= Wallarah 2 Coal Project =

Mine in Australia

The Wallarah 2 Coal Project (or W2CP) is a proposal by the Korea Resources Corporation or KORES (owned by the South Korean government and other Korean and Japanese mining companies that comprise the Wyong Areas Coal Joint Venture) to construct a longwall mine near Wyong, New South Wales, Australia. The underground mine is now being considered by the NSW Department of Planning. It was previously rejected by the Keneally Government shortly before the 2011 state election.

==Proposal==
The exploration areas within which the mining proposal is situated were awarded to the Wyong Areas Coal Joint Venture by the NSW State Government in 1995 following a competitive tender. Extensive exploration drilling, geological surveys, environmental investigations, stakeholder consultations and other works costing approximately $80 million were undertaken by the proponents. The proposed mine would have an annual coal production of 4 to 5 million tonnes of export quality thermal coal per year, over 28 years.

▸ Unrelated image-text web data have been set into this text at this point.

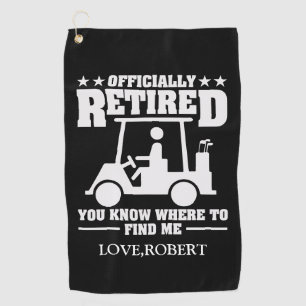 Personalised Name Officially Retired Gift Golf Dad Golf Towel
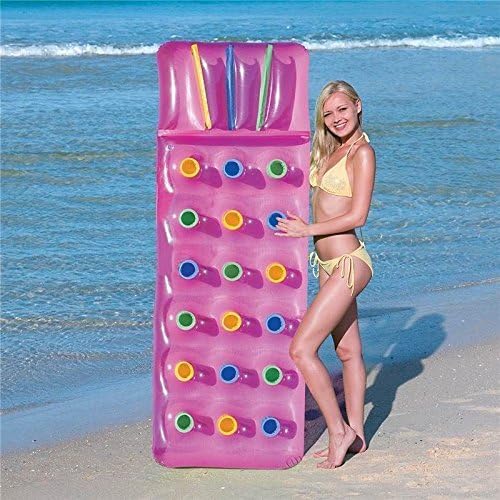 Inflatable 18 Pocket Fashion Sun Beach Swimming Pool Lounger Lilo Air Bed *New* (Pink) by pricep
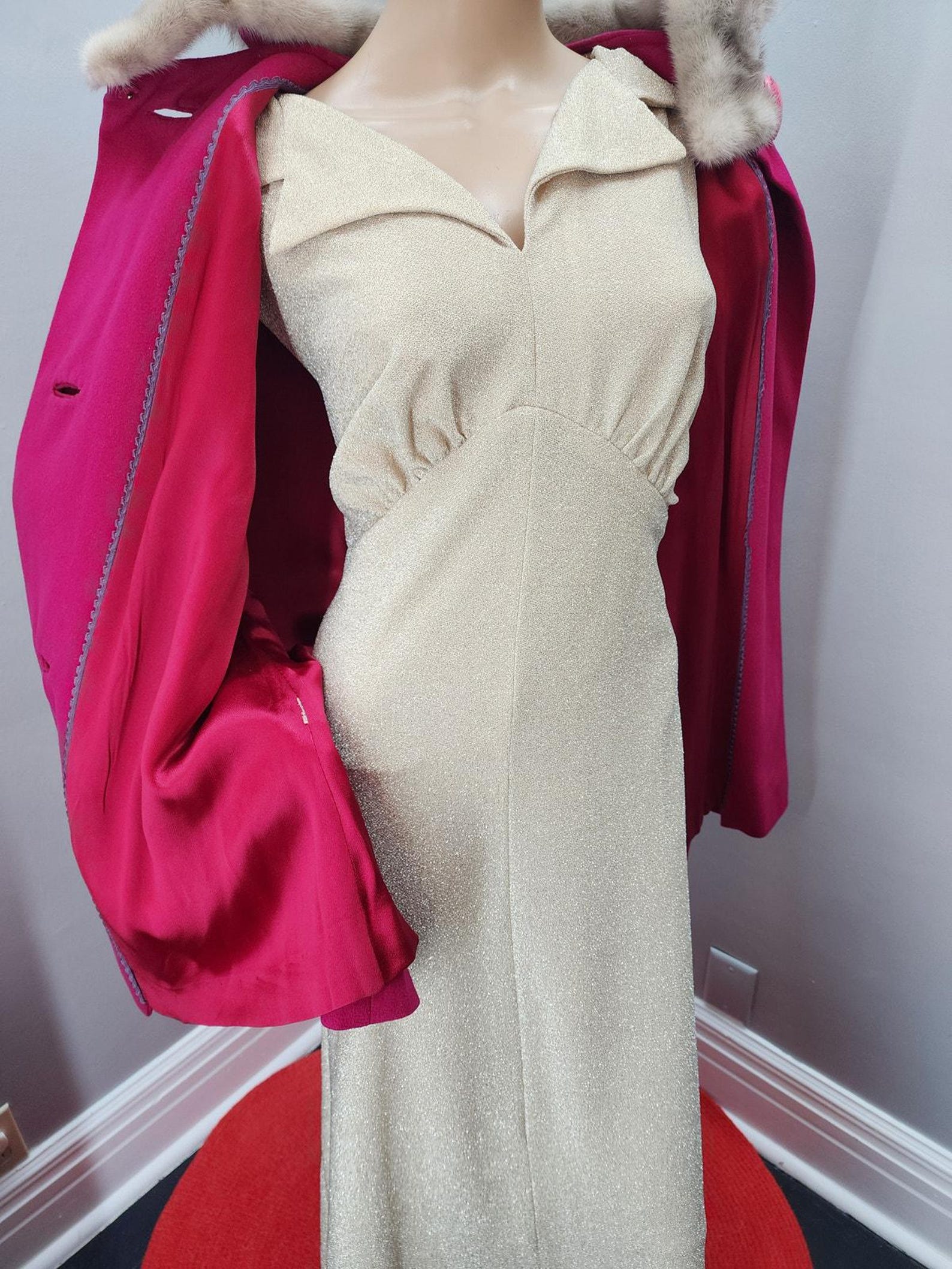 60s Vintage Raspberry Wool Cape / Coat With Fur Collar - L - Etsy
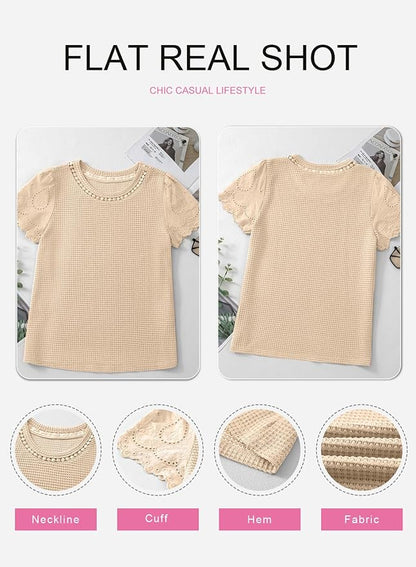 SHEWIN Womens Frenchy Summer Tops Crewneck Short Sleeve T Shirts Casual Waffle Knit Jacquard Blouses Top Shirts
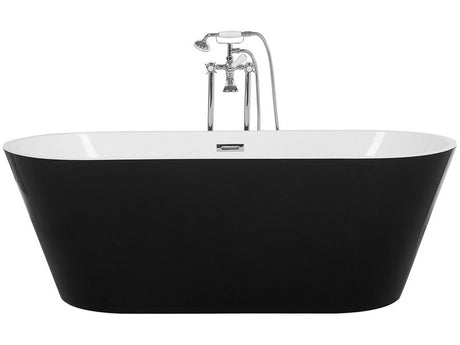 Freestanding Bath Black with White Sanitary Acrylic Single 170 x 70 cm Oval Modern Style Beliani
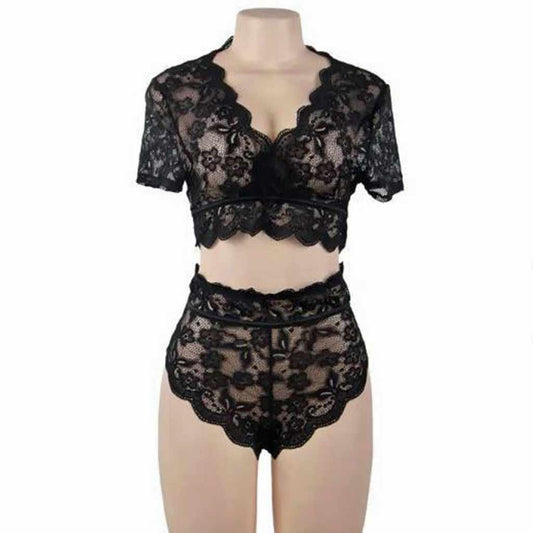 LINGERIE SET LACE BRA + PANTIES BLACK SIZE 20-22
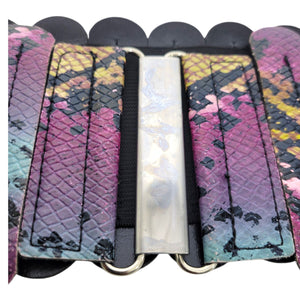 Embossed Stretch Belt Purple Multi Snakeskin Stretchy Elastic Wide Scalloped Medium Large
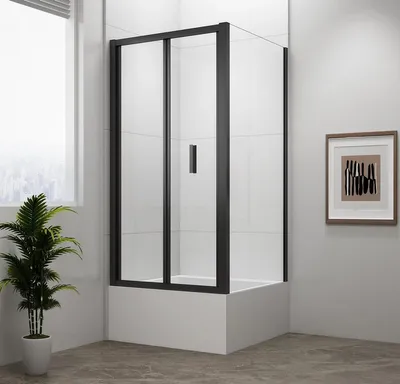 Imagen del producto de Cabina de ducha rectangular Polysan DEEP BLACK, dimensiones 1000x900 mm, versión para instalación en esquina (izquierda o derecha), vidrio transparente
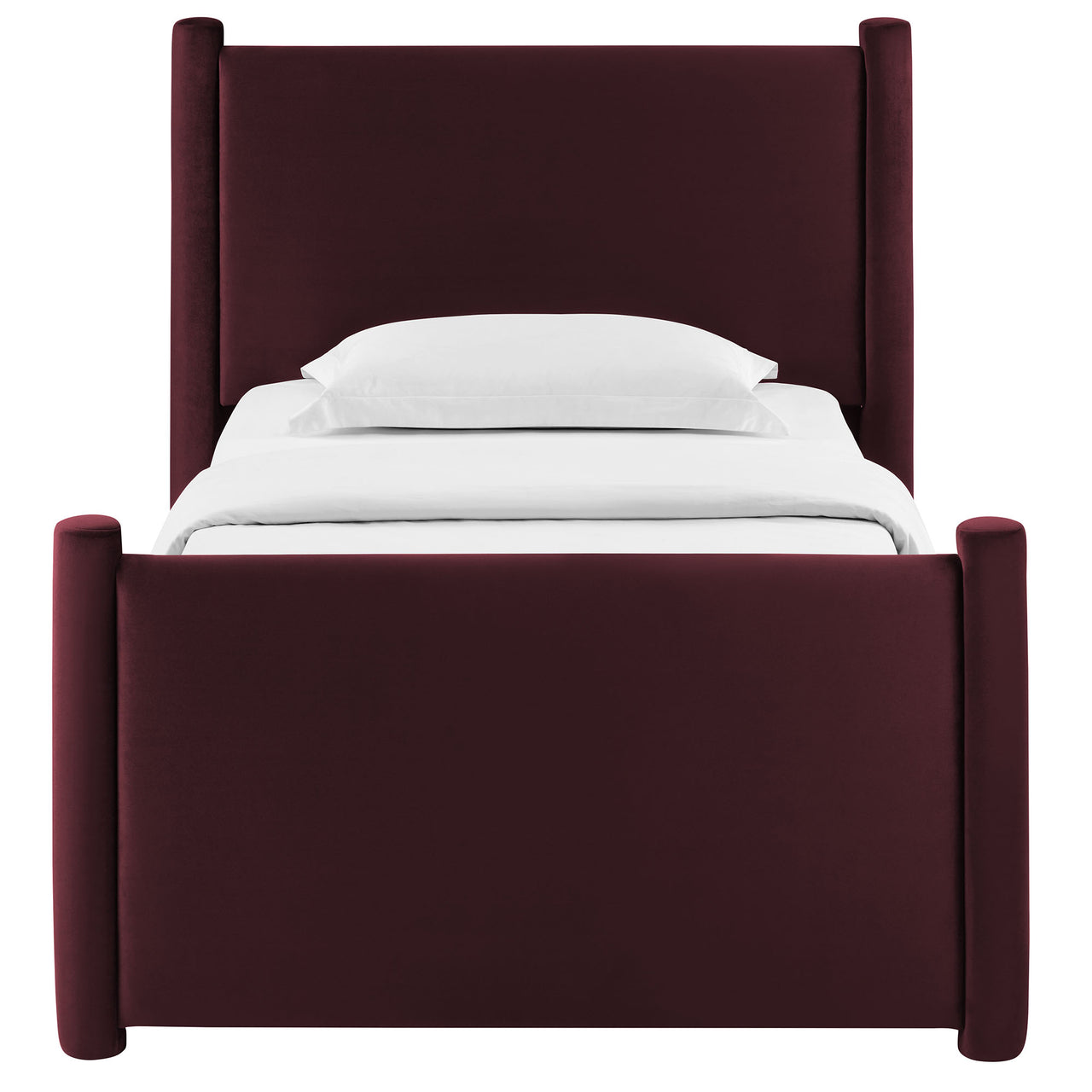 Rafael Upholstered Velvet Twin Platform Bed, Wine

The associated coal loader, coal stockpile and rail link would be at least 3 kilometres away from one of the largest urban growth areas on the Central Coast, including the proposed Warnervale town centre.

==Opposition and rejection of previous proposal==

The proposal was delayed by numerous studies, including an independent review headed by former NSW Liberal leader Kerry Chikarovski, and widespread opposition on the Central Coast with opponents suggesting the project could impact voting at subsequent elections.

The Australian Coal Alliance was formed to oppose the project and has maintained an active public relations campaign against the proposal. It blamed the NSW Labor Party and its supporters to failing to stop the mine.

Former state Labor MP for Wyong David Harris said he was opposed to the mine, adding he was "concerned about the noise and dust impacts on the community and for the future of the Wyong Employment Zone at Warnervale". However, members of the Australian Coal Alliance criticised him for accepting a position as Parliamentary Secretary claiming the position suggested loyalty to the NSW Government, rather than to their campaign.

Before the 2011 state election, the NSW Opposition promised to stop the mine proposal. On the final day of the Keneally Government (the day before the issue of the writs), Minister Tony Kelly announced that the Government had made a decision that the proposal would not go ahead. David Harris attempted to "claim victory" for the proposal rejection but was defeated at the state election.